Start of DATA SHOWN
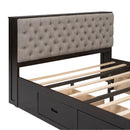 Platform Bed With Storage Headboard, Shoe Rack And 4 Drawers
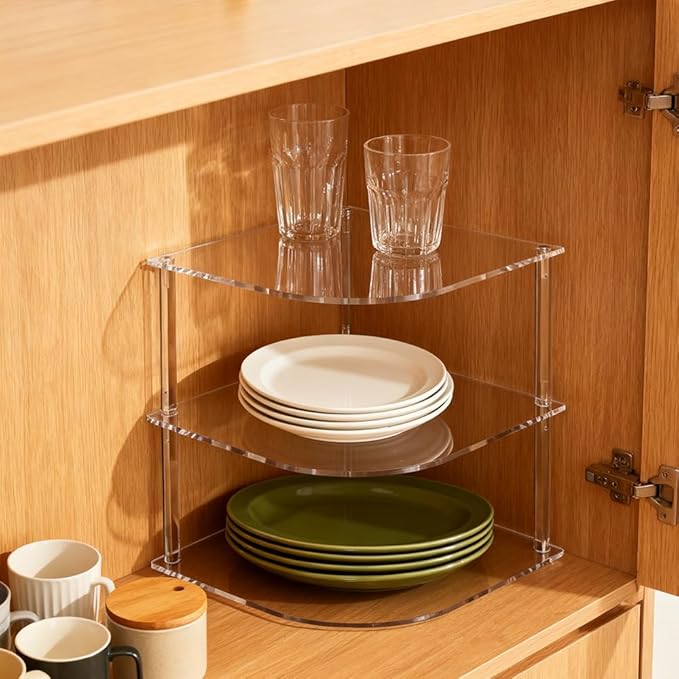 Plate Organizer for Cabinet Space Saver, Clear Acrylic 3-Tier Corner Shelf for Kitchen Storage, Holds Dishes and Bowls, Compact Bathroom Shelf for Organized Spaces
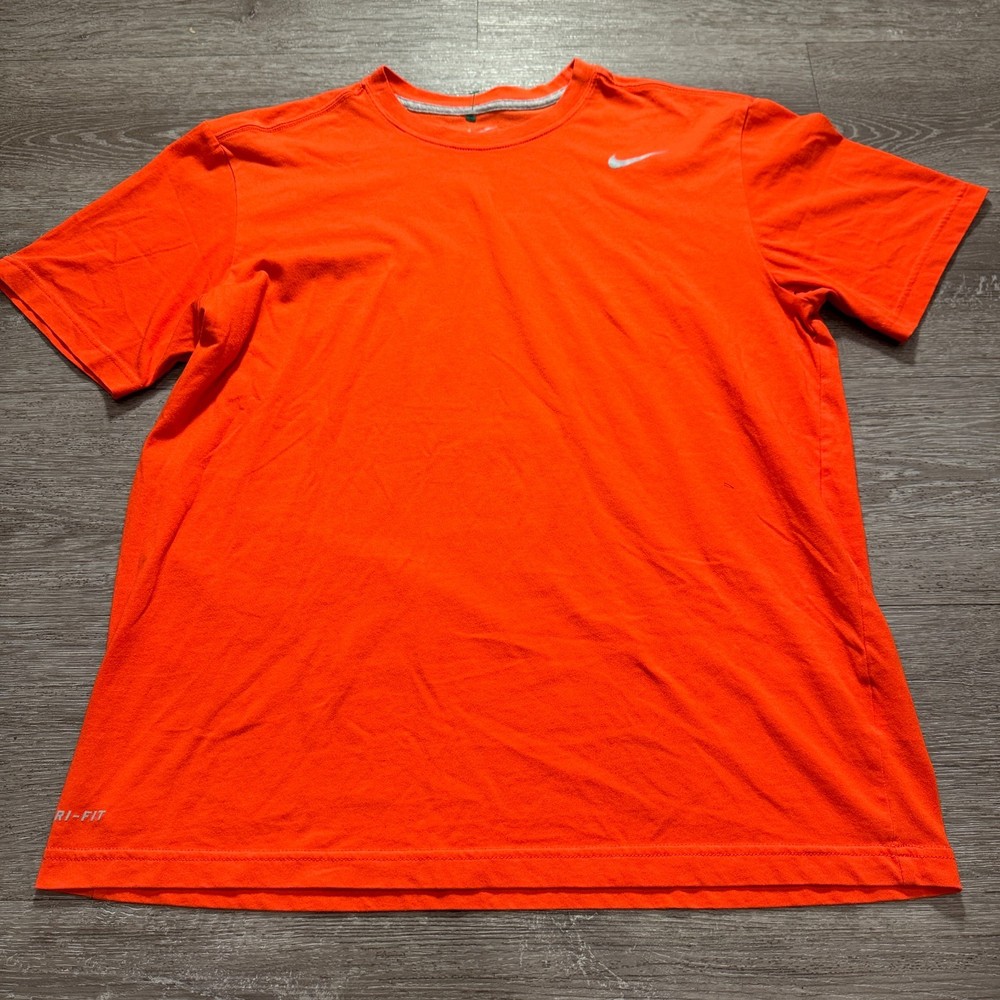 Nike Shirt Adult Large Orange Short Sleeve Tee Swoosh Performance Crew Neck
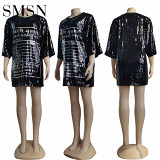 Fashion short sleeves sexy glitter Heavy sequins loose summer dress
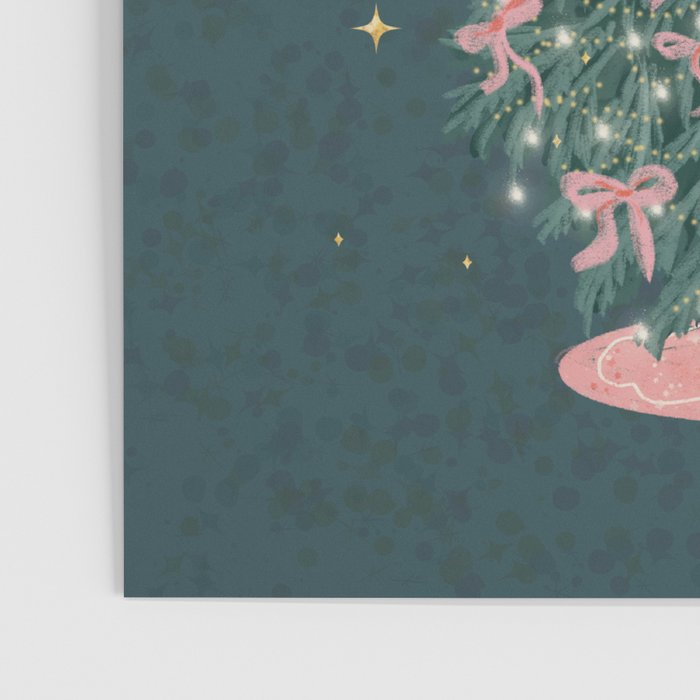 Elegant Christmas Tree with Pink Bows and Golden Stars on Deep Teal Poster Gallery Image 3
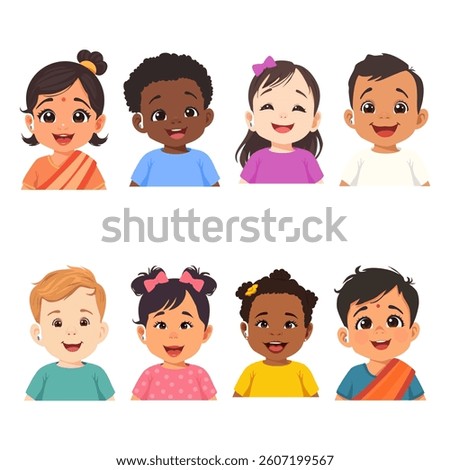 Set of a group of diverse and deaf children with a small hearing aid device in their ear isolated on a white background. Happy kids with assistive technology for communication after auditory loss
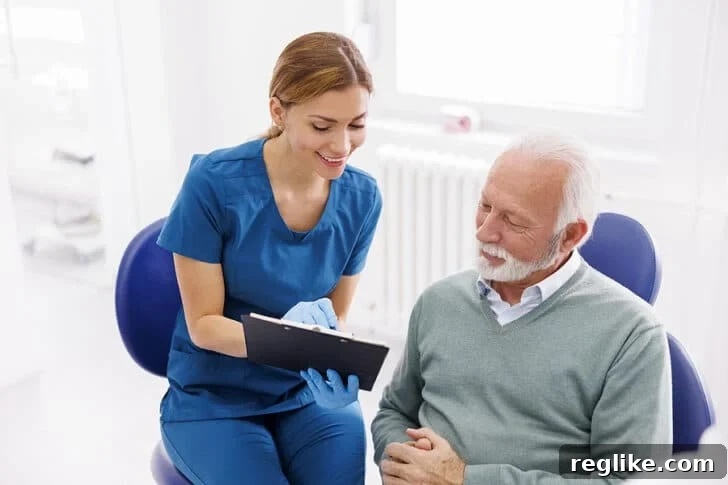 Google's January Updates Threaten Parking Ad Revenue 2 A doctor asking a senior citizen to sign a form to consent before performing a procedure.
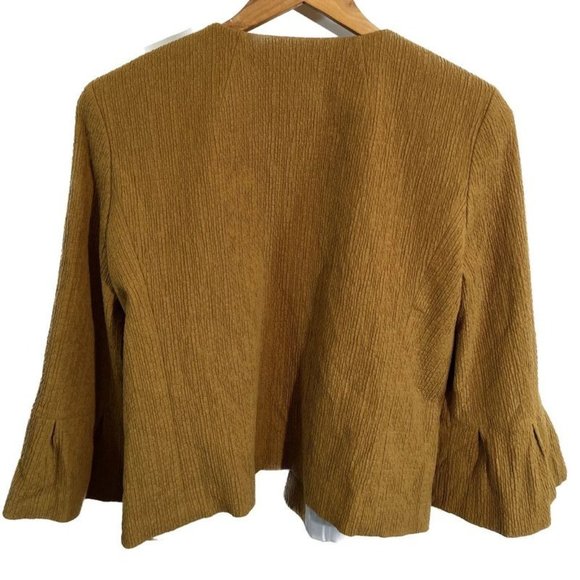 LOFT Mustard 3/4 Flare Sleeve Blazer Jacket Size Medium - Picture 6 of 9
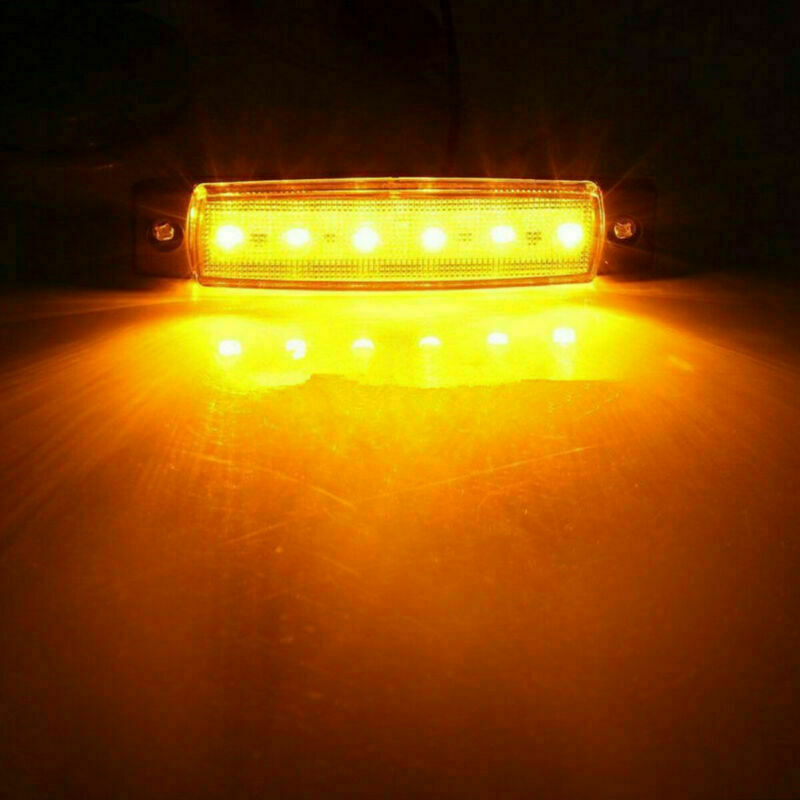 5X Amber + 5X Red 6 LED Side Marker Indicator Lights Car Truck Trailer 12V 24V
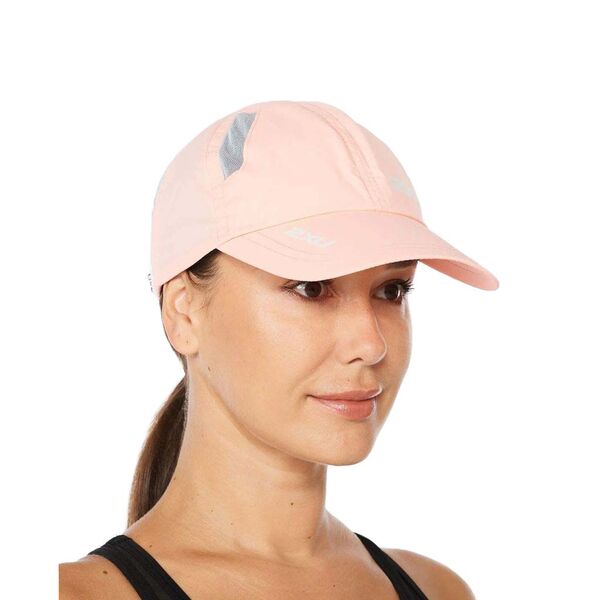 2XU Run Cap, Unisex, Pop Coral/White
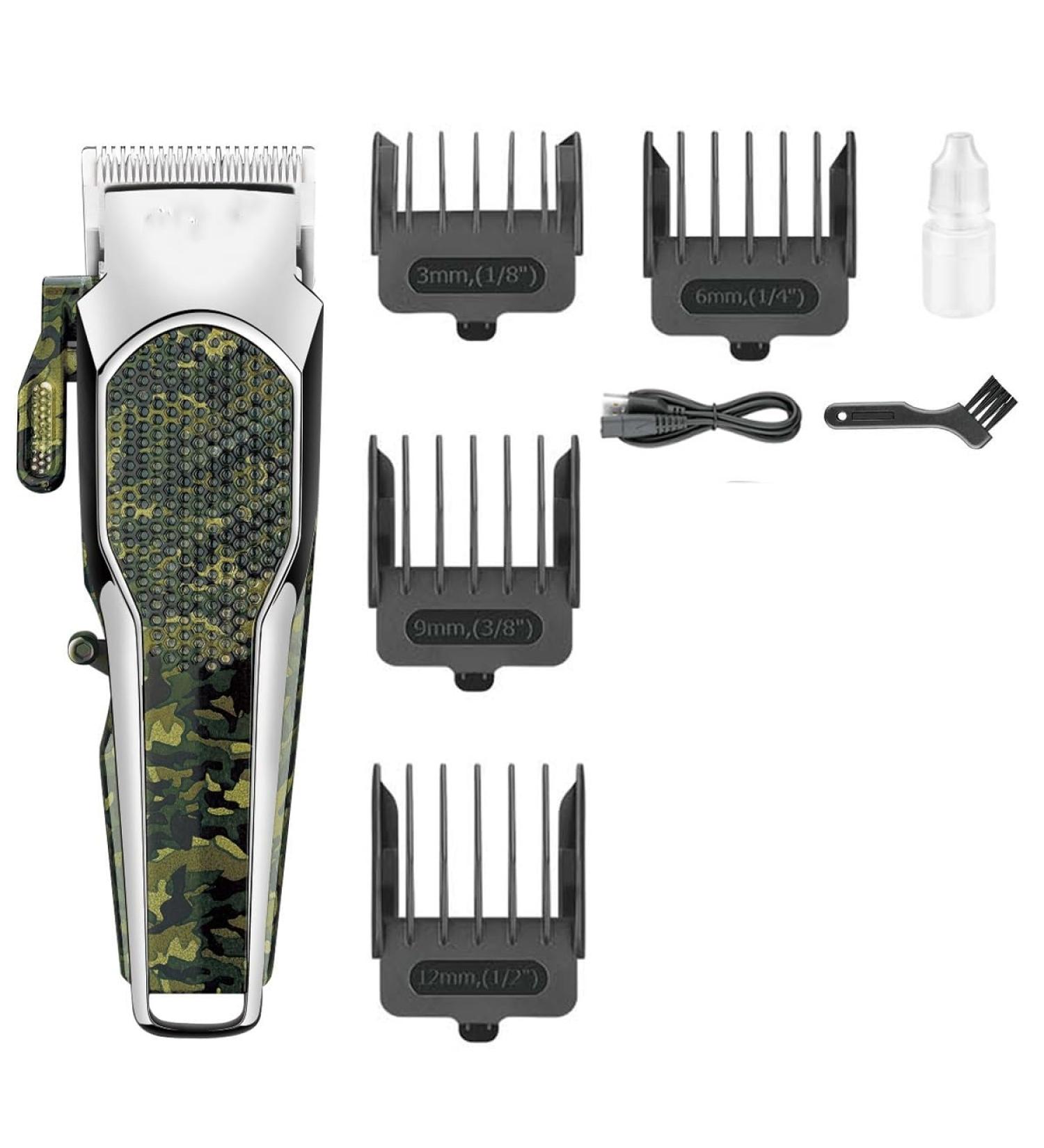 Professional Rechargeable Hair Clippers for Men - Adjustable Cordless Beard Trimmer & Camo Hair Trimmer Set - Buy Online on GoSupps.com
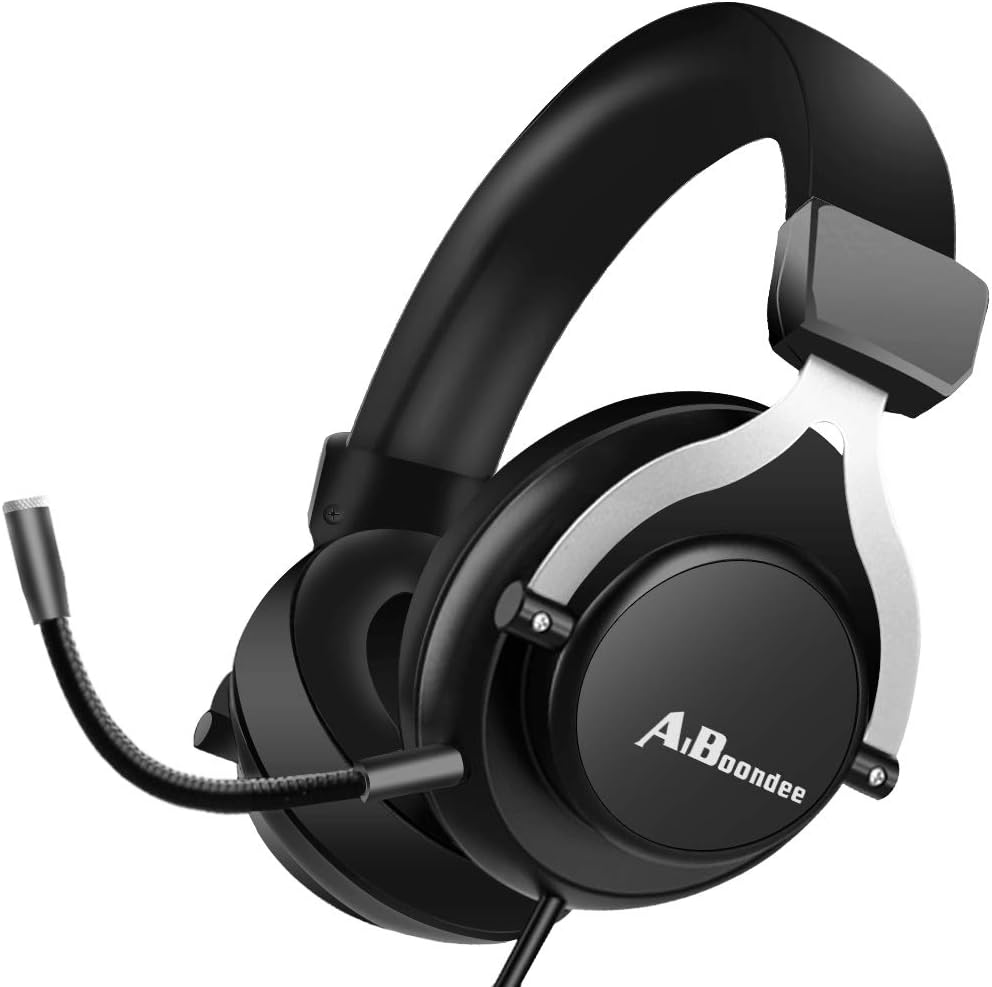 PC Gaming Headset 3.5mm Audio Stereo Sound PS4 Gaming Headphone for Mac Latop Nintendo Switch Games,50mm Driver Noise-Isolation Microphone Gamer Headset (Black)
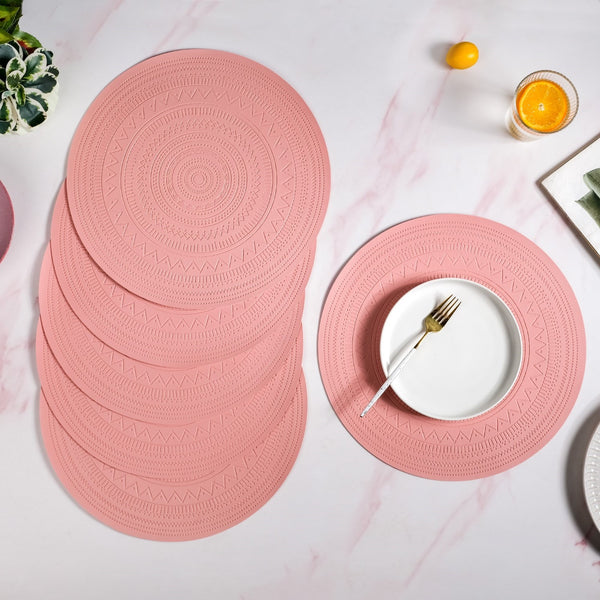 Pink Embossed Warli Design Round Table Mat Set Of 6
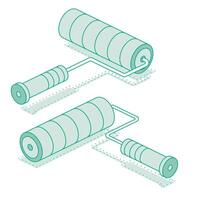 Isometric paint roller. Outline object on white background. vector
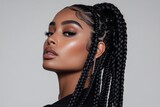 Young black woman showing braided hairstyle and makeup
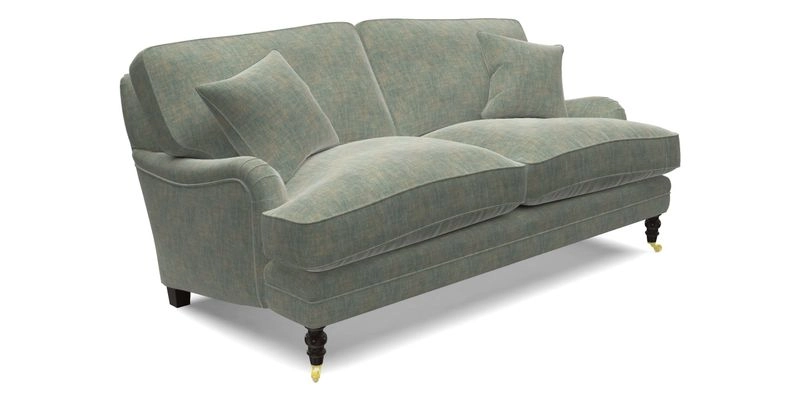 Coates 3 Seater Sofa in Mohair Velvet Indigo with Seat and Back Cushions in Gertrude Jekyll Meadow Flower Blue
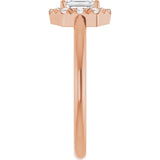 Emerald White Sapphire Halo Ring with Diamond Accents in Rose Gold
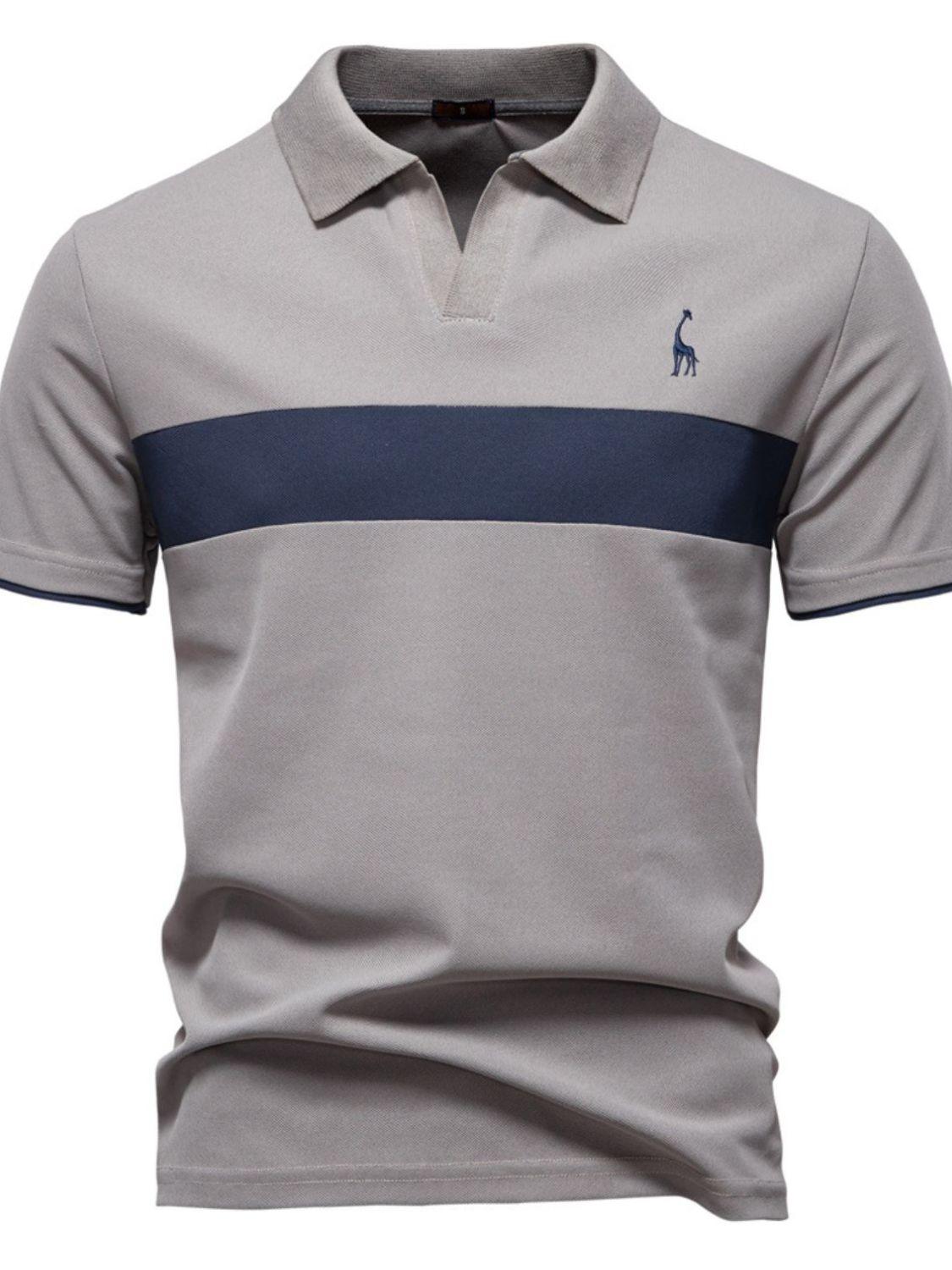Men's Giraffe Embroidered Collared Neck Contrast Polo - Clothes For Her Online Store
End of DATA SHOWN
• ACTION ITEM
Could the entries above be returned verbatim, with no pictures included?

• ANSWER
 Platform Bed With Storage Headboard, Shoe Rack And 4 Drawers
 Plate Organizer for Cabinet Space Saver, Clear Acrylic 3-Tier Corner Shelf for Kitchen Storage, Holds Dishes and Bowls, Compact Bathroom Shelf for Organized Spaces
 Nike Shirt Adult Large Orange Short Sleeve Tee Swoosh Performance Crew Neck
 Fashion short sleeves sexy glitter Heavy sequins loose summer dress
 Elegant Christmas Tree with Pink Bows and Golden Stars on Deep Teal Poster Gallery Image 3
 Set of a group of diverse and deaf children with a small hearing aid device in their ear isolated on a white background. Happy kids with assistive technology for communication after auditory loss
 Google's January Updates Threaten Parking Ad Revenue 2 A doctor asking a senior citizen to sign a form to consent before performing a procedure.
 LOFT Mustard 3/4 Flare Sleeve Blazer Jacket Size Medium - Picture 6 of 9
 5X Amber + 5X Red 6 LED Side Marker Indicator Lights Car Truck Trailer 12V 24V
 2XU Run Cap, Unisex, Pop Coral/White
 Professional Rechargeable Hair Clippers for Men - Adjustable Cordless Beard Trimmer & Camo Hair Trimmer Set - Buy Online on GoSupps.com
 PC Gaming Headset 3.5mm Audio Stereo Sound PS4 Gaming Headphone for Mac Latop Nintendo Switch Games,50mm Driver Noise-Isolation Microphone Gamer Headset (Black)
 Pink Embossed Warli Design Round Table Mat Set Of 6
 Isometric paint roller. Outline object on white background. vector
 Young black woman showing braided hairstyle and makeup
 Coates 3 Seater Sofa in Mohair Velvet Indigo with Seat and Back Cushions in Gertrude Jekyll Meadow Flower Blue
 Emerald White Sapphire Halo Ring with Diamond Accents in Rose Gold
Men's Giraffe Embroidered Collared Neck Contrast Polo - Clothes For Her Online Store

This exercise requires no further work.